◆ RECORDED INFORMATION ◆
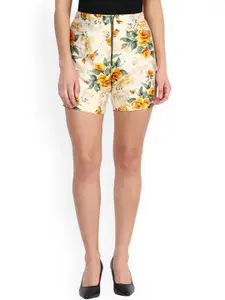 Miss Chase Off-White Floral Print Shorts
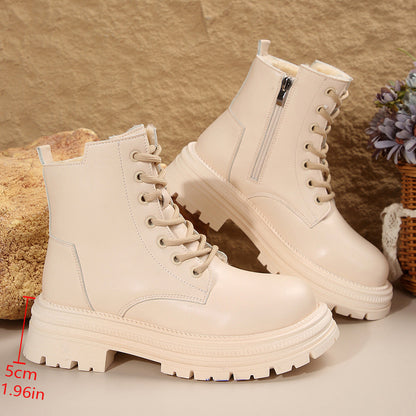 Damen Schnürboots Robust Reißverschluss Winterstiefel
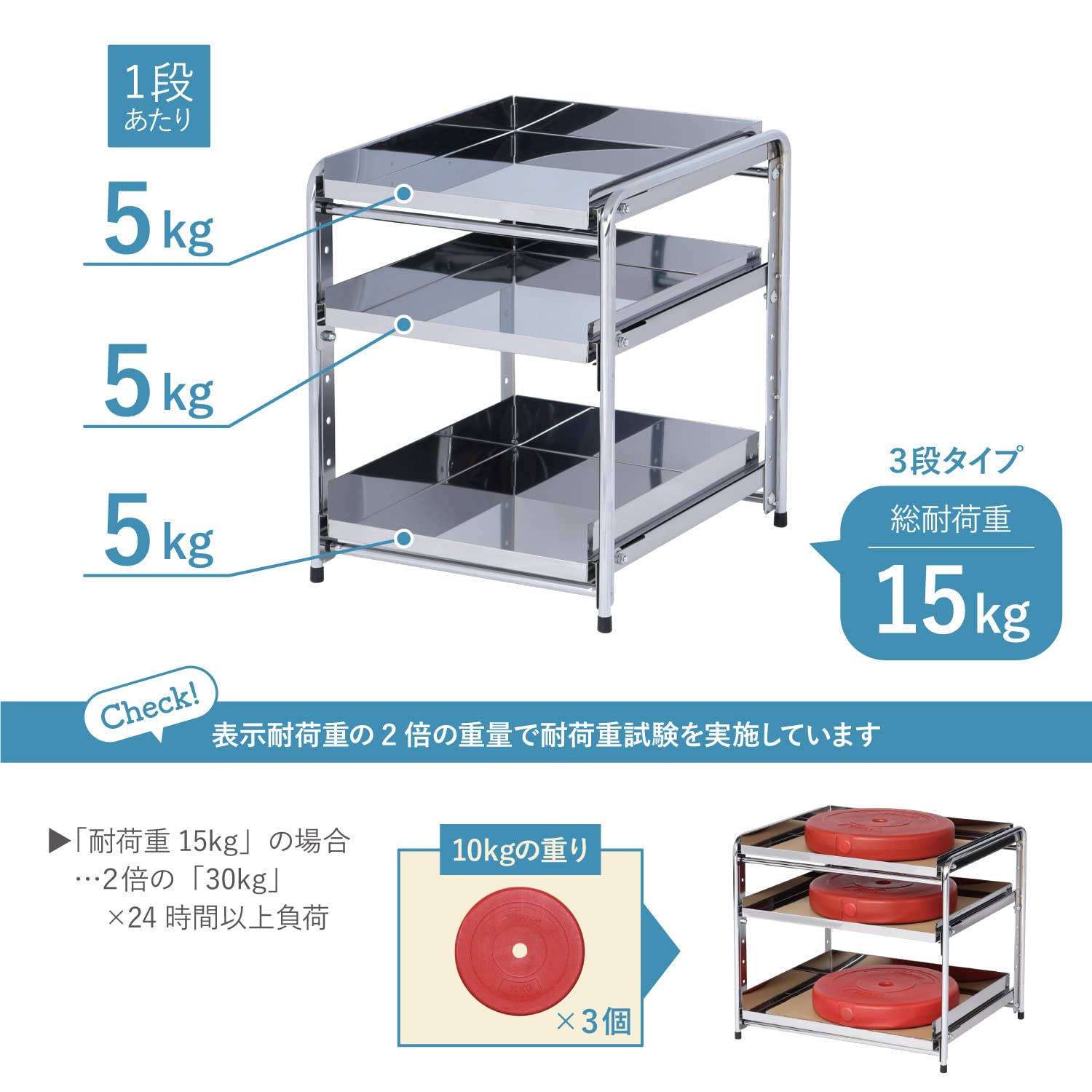 Amazon.co.jp: 川口工器 シンク下 スライドラック 日本製 (幅35cm 棚3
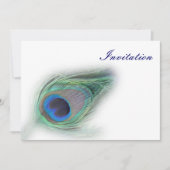 Pfauenblauer Hochzeitsempfang Einladung (Vorderseite)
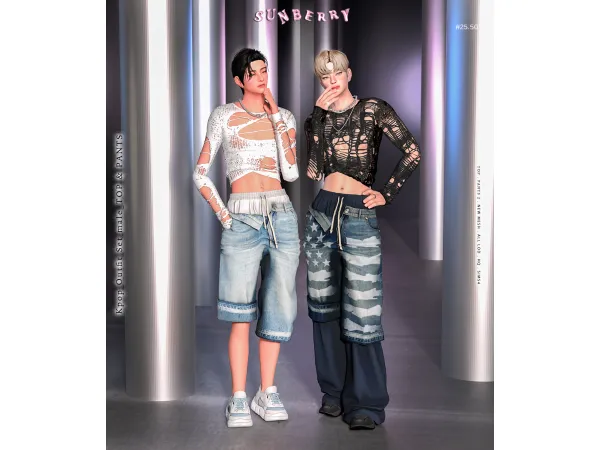 [SUNBERRY]#25.50_male Kpop Outfit _top&pants 2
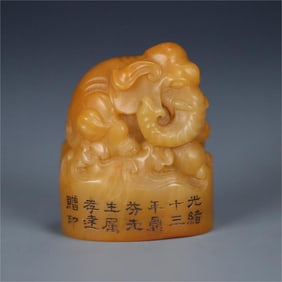 A beautiful Shoushan field yellow elephant button seal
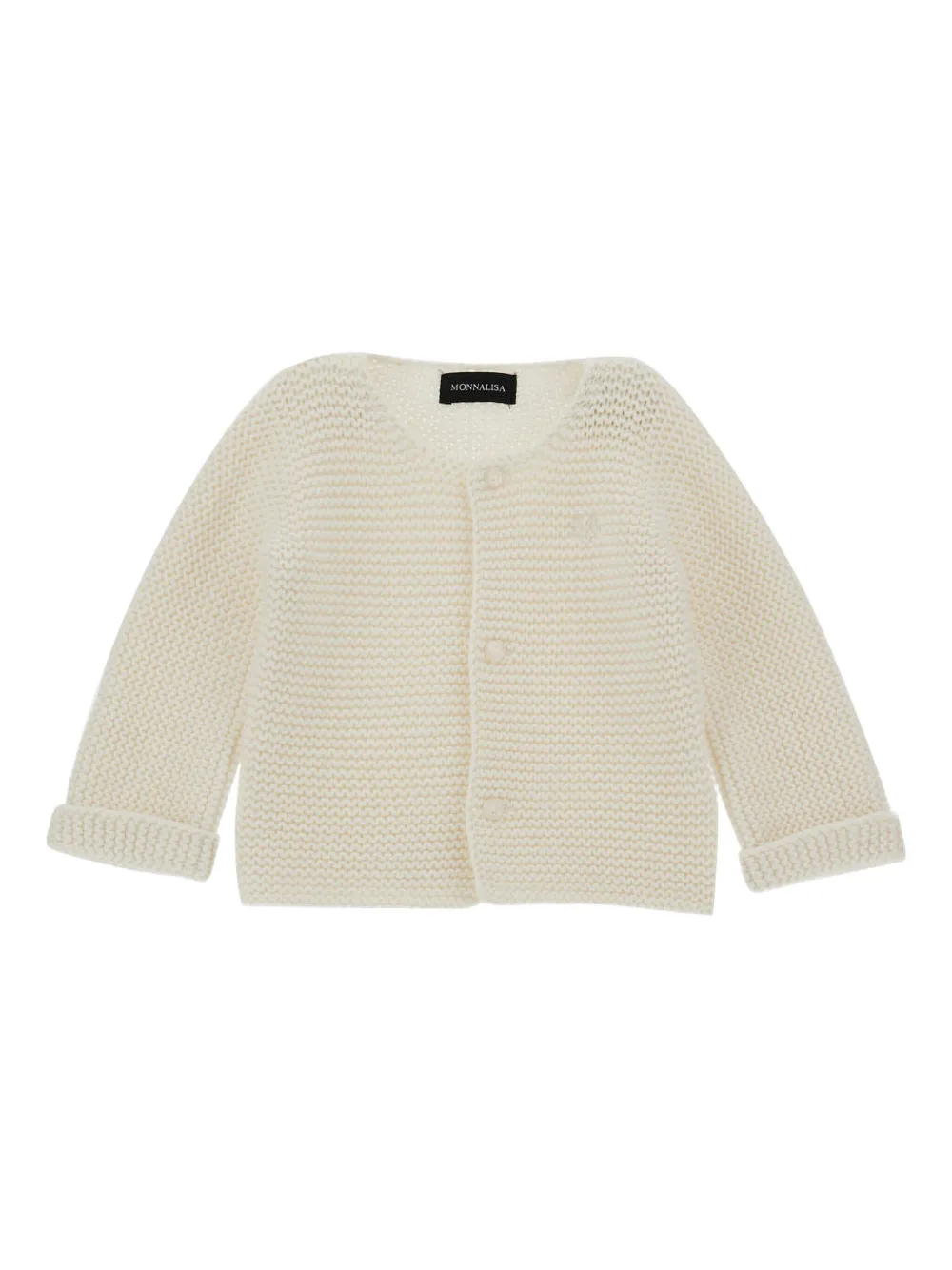 Monnalisa embroidered-logo cardigan - Toni neutri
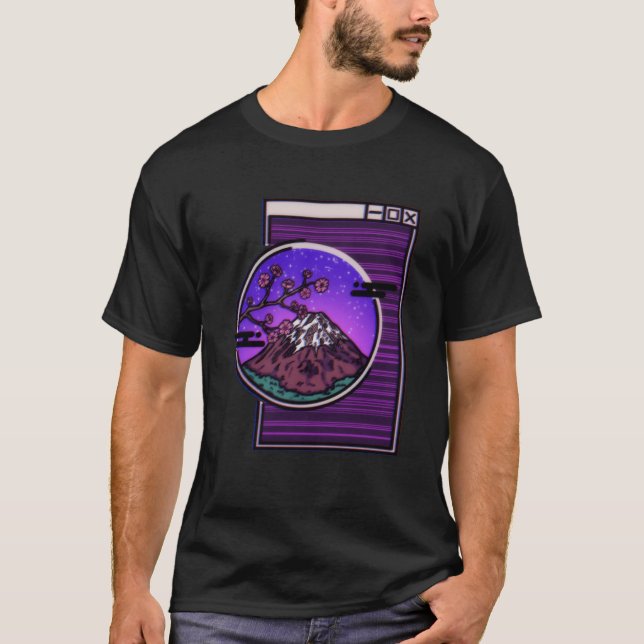 Japansk Y2K 90s Cherry Blommar Mt Fuji på Glitch T Shirt (Framsida)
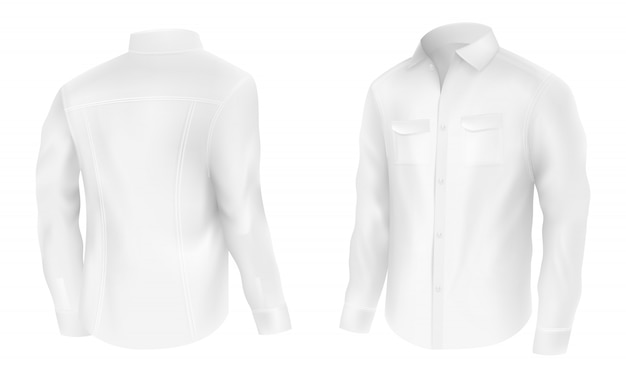 Классическая мужская белая рубашка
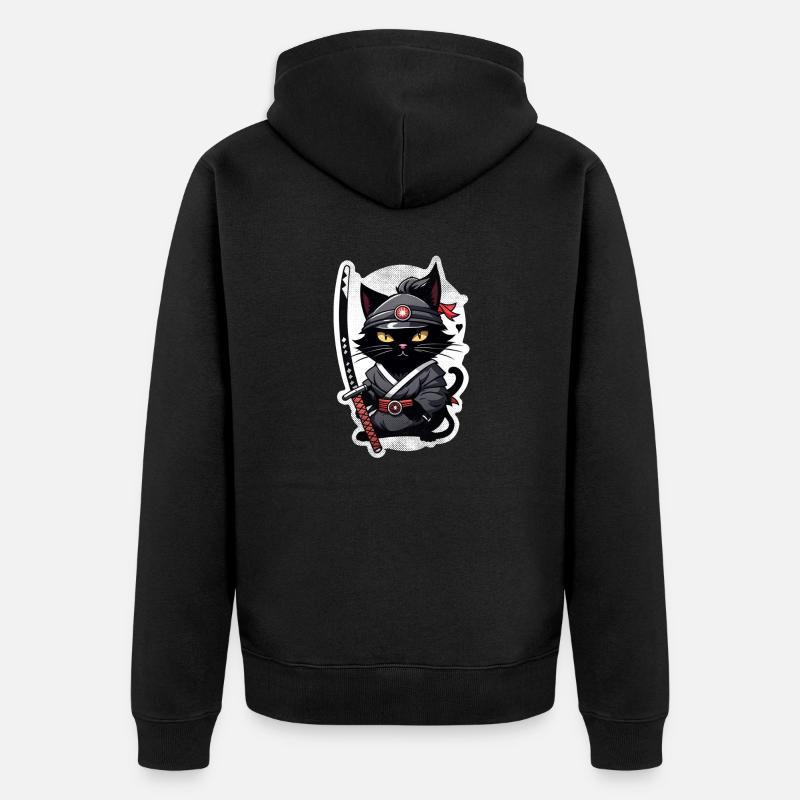 Ninja Cat - Samurai Kitten - Unisex Premium Organic Zip Hoodie - black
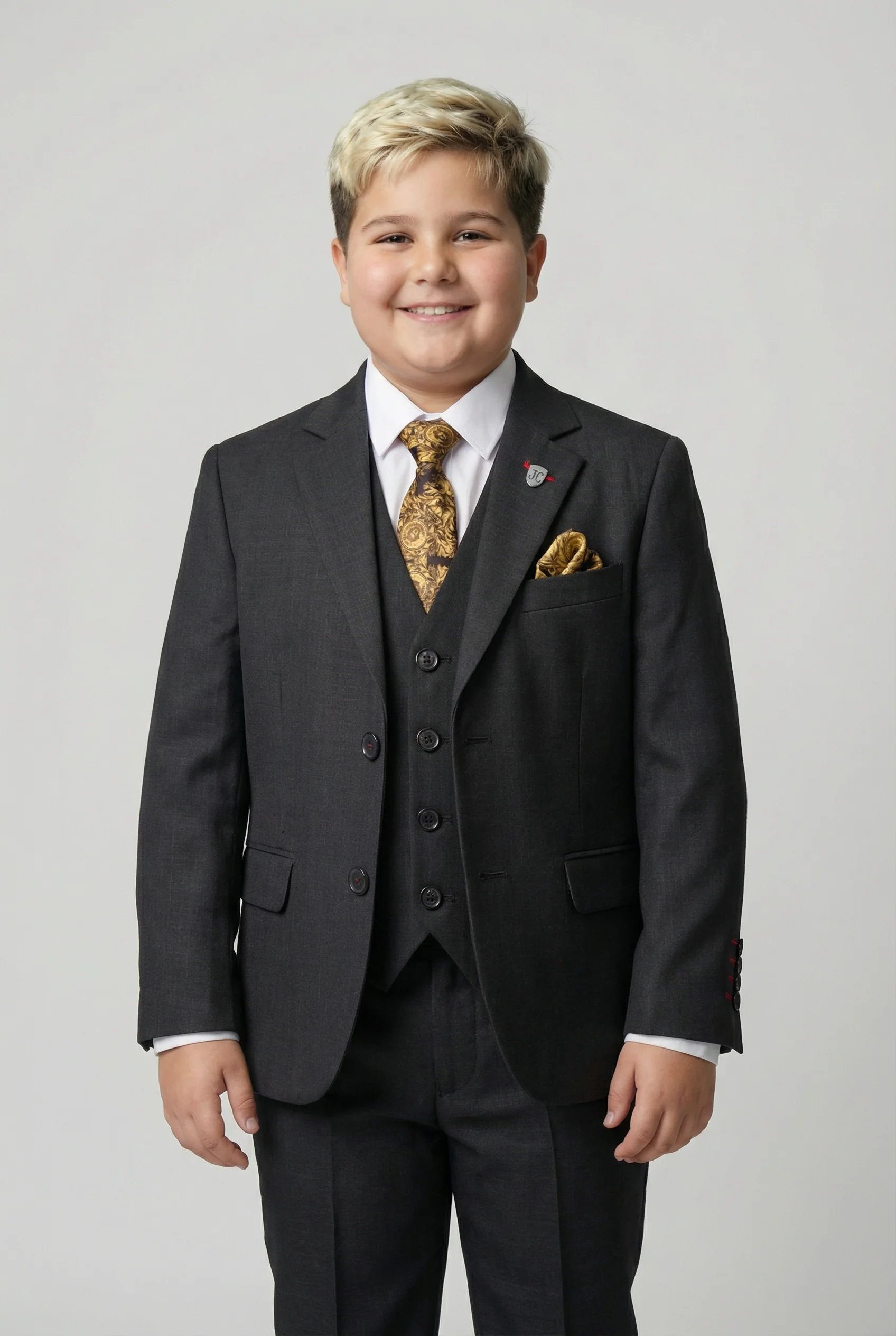 Boys 5-Piece Tailored Fit Twill Suit - Jeremy - Black - Image 10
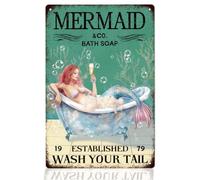 WEBEEDY Mermaid Sign for Bathroom Decor Cute Mermaid Vintage Tin Sign Metal Signs Retro Sign, Mermaid Go Bath Soap, Wall Art Hanging Decor for Bathroom Coffee Bar Garage, 20x30cm/7.9x11.8''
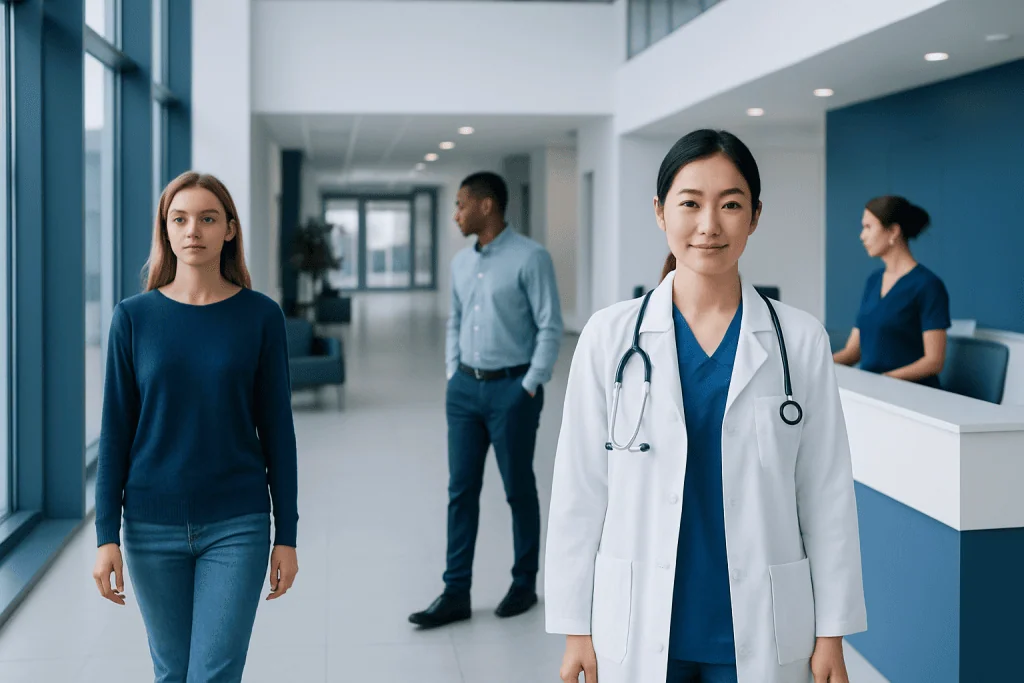 How to Choose the Right Plastic Surgeon 1 Medical staff and patient in a modern hospital corridor.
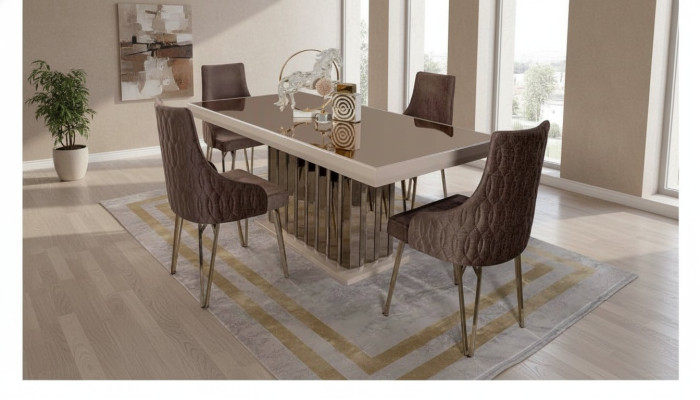 Luxe eetkamerset Eettafel 4x stoelen Metalen stoel Textiel Eetgroep Garnituur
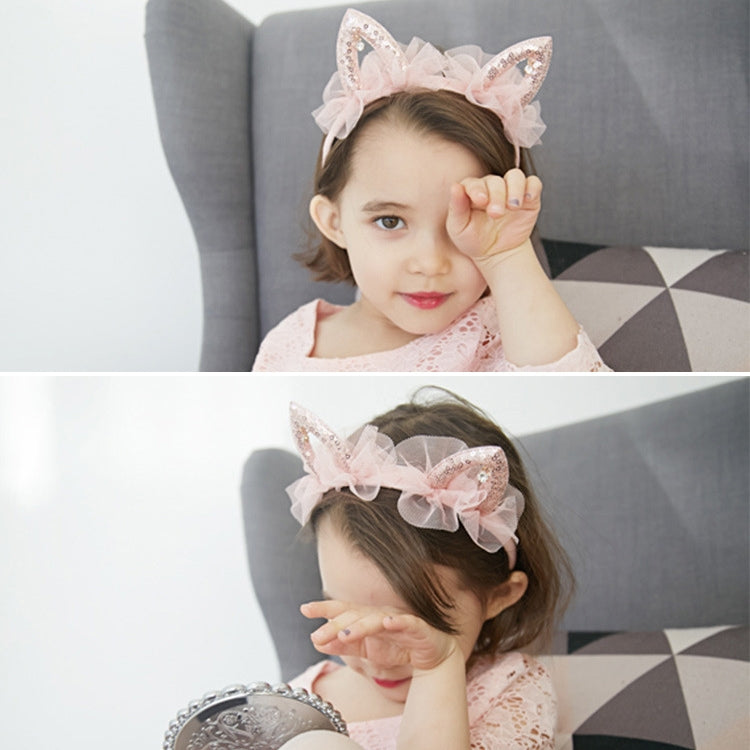 Cute Sequined Cat Ears Mesh Headband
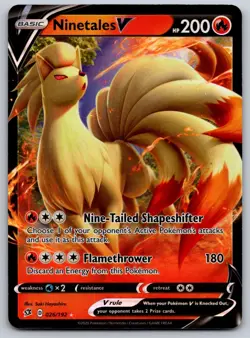 Ninetales V 026/192 SWSH02: Rebel Clash NM Pokemon Card TCG - Image 1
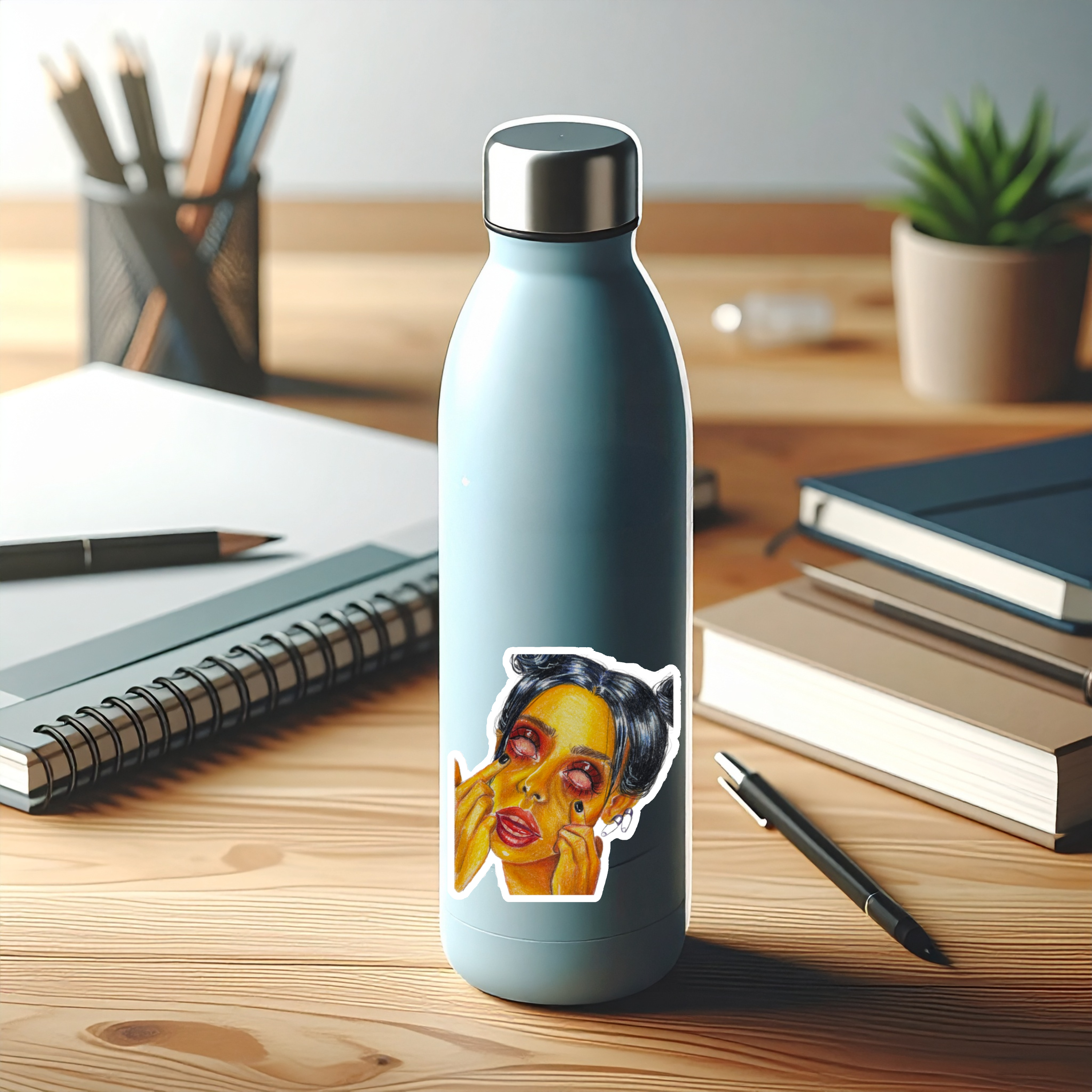 Vibrant Kiss-Cut Lady Stickers, Street wear sticker design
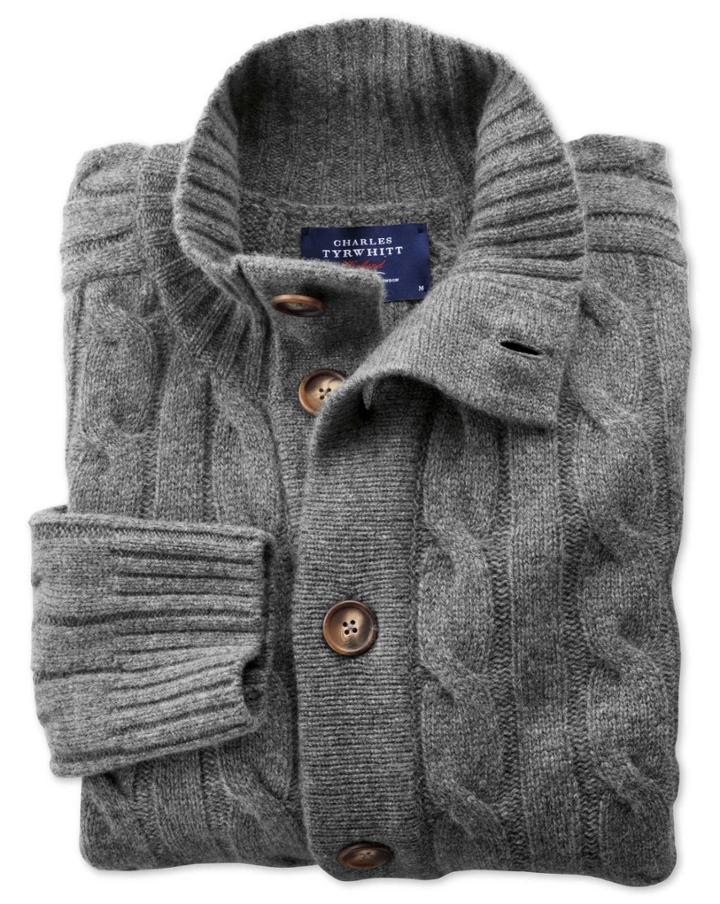 Charles Tyrwhitt Charles Tyrwhitt Grey Lambswool Cable Knit Cardigan Size Large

◆ DESCRIPTION OF THE TASK ◆
With the pictures left out, give again exactly the lines from the one that contains "Pfauenblauer Hochzeitsempfang Einladung" through the final line of the data above.

◆ RESPONSE AREA ◆
 Pfauenblauer Hochzeitsempfang Einladung (Vorderseite)
 [SUNBERRY]#25.50_male Kpop Outfit _top&pants 2
 A beautiful Shoushan field yellow elephant button seal
 Monnalisa embroidered-logo cardigan - Toni neutri
 Japansk Y2K 90s Cherry Blommar Mt Fuji på Glitch T Shirt (Framsida)
 Классическая мужская белая рубашка
 Ninja Cat - Samurai Kitten - Unisex Premium Organic Zip Hoodie - black
 Boys 5-Piece Tailored Fit Twill Suit - Jeremy - Black - Image 10
 WEBEEDY Mermaid Sign for Bathroom Decor Cute Mermaid Vintage Tin Sign Metal Signs Retro Sign, Mermaid Go Bath Soap, Wall Art Hanging Decor for Bathroom Coffee Bar Garage, 20x30cm/7.9x11.8''
 How to Choose the Right Plastic Surgeon 1 Medical staff and patient in a modern hospital corridor.
 Luxe eetkamerset Eettafel 4x stoelen Metalen stoel Textiel Eetgroep Garnituur
 Cute Sequined Cat Ears Mesh Headband
 Ninetales V 026/192 SWSH02: Rebel Clash NM Pokemon Card TCG - Image 1
 Vibrant Kiss-Cut Lady Stickers, Street wear sticker design
 Charles Tyrwhitt Charles Tyrwhitt Grey Lambswool Cable Knit Cardigan Size Large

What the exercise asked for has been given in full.